My task is to optimise the application in order to reduce the time taken to create the xml files. When I checked the application I found that the application is running on this way.

Starts

  • Create connection to db
  • gets the first set of data ( this table (table1) is too Large ). And the query will returns around 15-30 K rows to dataTable
  • for loop 0 to datatable.Rows.count
    • checks some condition
    • get data from db. (this table (table2) is also too large than (table1).
    • send data to form xbrl and writes to xml ( this is done by thrid party application called UBMatrix). It is not possible to edit the code which creates xbrl-xml file.

Similarly there are 3 to 4 set of data will process

In my observation, we can avoid db calls in for loop. Get all the data before the loop. When I checked the queries, there were subqueries,not exists(select * from table) etc can be replaced with joins, not exists (select 1 from table)

But still the application need to process in loop. I am also thinking of using threading so that the I can create threads based on the size of data and process it simultaneosly.

Eg

  • if there are 100 rows.there will be 100 entries to xml file (XBRL)
  • So i will make 50,50 and run in two threads which will generate two xml file. at the end I will combine two into one xml file.

So processing of 0th question and 50th question can be start at same time. Currently in for loop, 0th will process and 99th will be process at the end only. I am not sure about the idea. Can any suggest /share your ideas . any help will be appreciated. Thanks in advance

4

There are 4 answers

0
Albin Sunnanbo On

30k queries in 30 minutes is just 16 queries per second. That is not very much unless the queries are expensive.

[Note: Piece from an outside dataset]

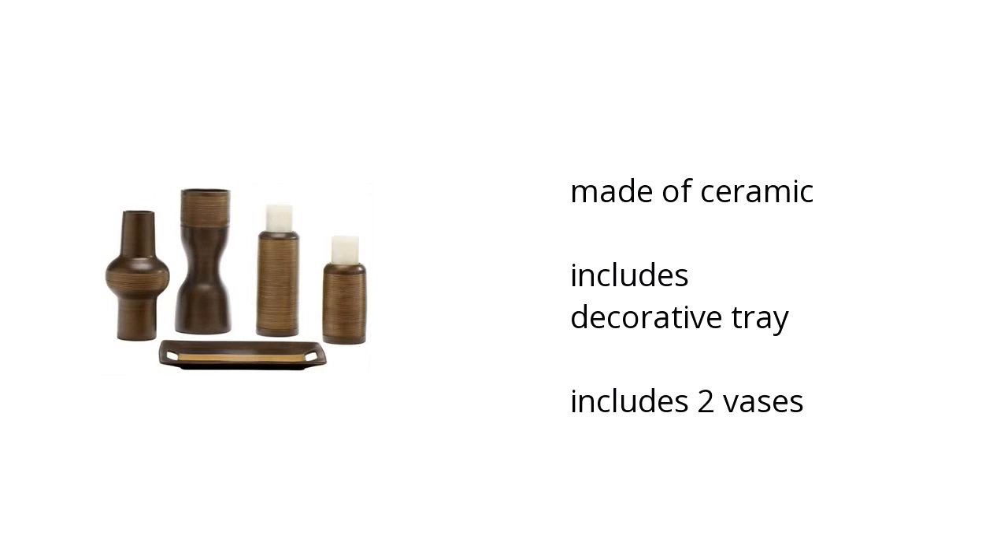Here are the top features of the Carissa Accessory Set. It's made of ceramic. It includes a decorative tray and two vases. Want to get the best price? Click here.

To find out, run SQL Profiler and check the execution time of each query. Multiply with the number of queries. If that is reasonably close to 30 minutes you are lucky if you can rewrite all those queries to a join and put the result in a Dictionary or ILookup.

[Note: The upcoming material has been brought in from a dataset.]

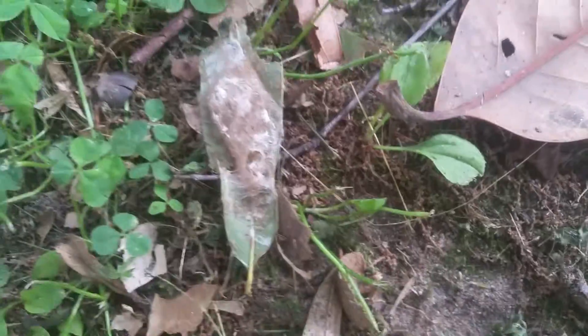I found the coolest thing in the world. Those are caterpillar butterfly eggs, or whatever you want to call them. I call them caterpillar eggs.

If you need to resort to multi threading. Check if you have the possibility to upgrade to .NET 4. Then you can use Parallel.ForEach or some other suitable method in TPL to parallelize your work.

0
Jared Shaver On

Without seeing the code I cannot tell what classes you are using for data access but from your mention of DataTable.Rows I am assuming you are using DataSet/DataTable. If you switch to using an IDataReader with CommandBehavior.SequentialAccess you can avoid a lot of the unnecessary overhead that comes with DataSet/DataTable.

0
Maciej On

I suggest profiler but for .NET app. Check where does it spend most of the time and attack that place. If it is calls to get data from DB you may look at database and possibly add some new indexes and/or redesign queries. If it is in calls to UBMatrix there is probably not much you can do except get an explanation to whoever gave you this task. But before you give up you can try parallel processing, first making sure that UBMatrix is thread safe, as Simon pointed. If it's not or you cannot tell you can run parallel processing as separate AppDomains to imitate thread safety. This will come at a cost of resources and more complex code though. Parallel processing will only make sense if during normal app run you can observe CPU usage below about 70% and disk is not used excessively (check with Resource Monitor) so there are spare resources to be used.

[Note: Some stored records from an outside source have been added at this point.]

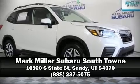Our sales reps are extremely helpful and knowledgeable. Stop in and take a test drive.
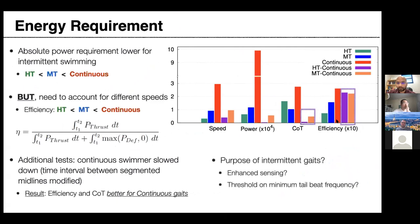So energy efficiency may not be the primary driver of intermittent locomotion. Two other possible reasons: first, it enhances sensing — during the glide phase, the sensory field is stabilized. Second, there appears to be a minimum threshold on tailbeat frequency; if forced to swim at very low speeds, fish cannot beat their tails very slowly. These remain open questions for us at the moment.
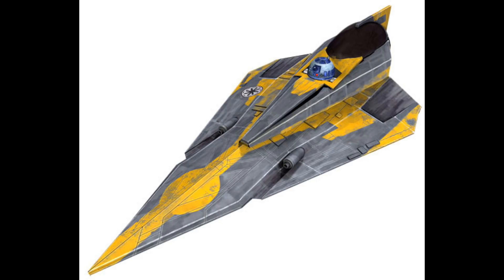The description doesn't say much about the build, probably because there's not too much going on. But it's good to get this figure and build back almost 10 years after the first one was released.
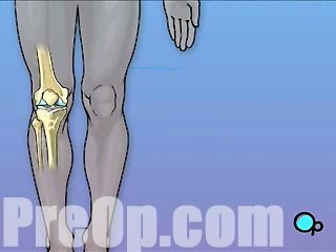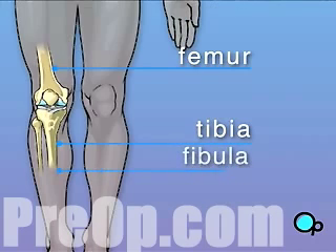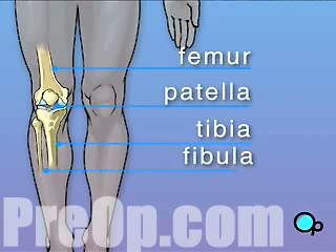The knee is made up of four bones. The femur, the large bone in your thigh, attaches by ligaments to your tibia. Just below and next to the tibia is the fibula, which runs parallel to the tibia. The patella, or what we call the knee cap, rides on the knee joint as the knee bends.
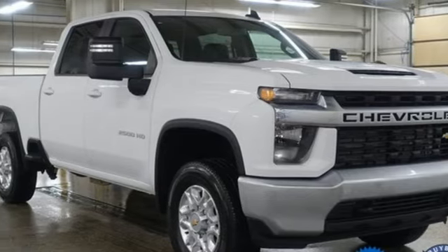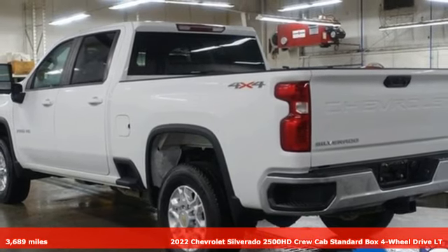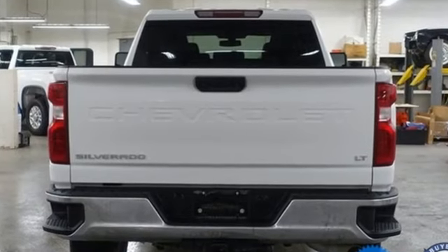Here's a 2022 Chevrolet Silverado 2500 HD. Standout looks, standout capabilities, so you can stand out on the job site. It's equipped for all your driving needs and wants.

If disk is used a lot, one other way could be to check if making xml files to be written to a RAM-drive would improve anything.

Anyway, start with profiling your .NET application - that should give you a good starting point. Here is a free .NET profiler: http://www.eqatec.com/tools/profiler/

0
Simon Wilson On

Not really an answer, just a really large comment:

I would remove multi-threading from your plans unless the UBMatrix API states it is thread-safe, thinking of all the disc I/O when generating the XBRL.

Have your profiled your app for memory usage? I am thinking of the 15-30K rows of data being loaded, then possible transferred into an an object model prior to processing and writing to file. If you start to reach the 2GB limit (32 bit), then your process will be doing a lot of paging, which is sooo slooow.

Would this alternative be a possibility? Pre-generate the data to file, possibly in xml format. Then, hoping the UBMatrix has an api which accepts a file path and streams data, you could just pass off the path to your file data. (This is more in case it is a memory issue, but could still speed things up if the data queries are long running.)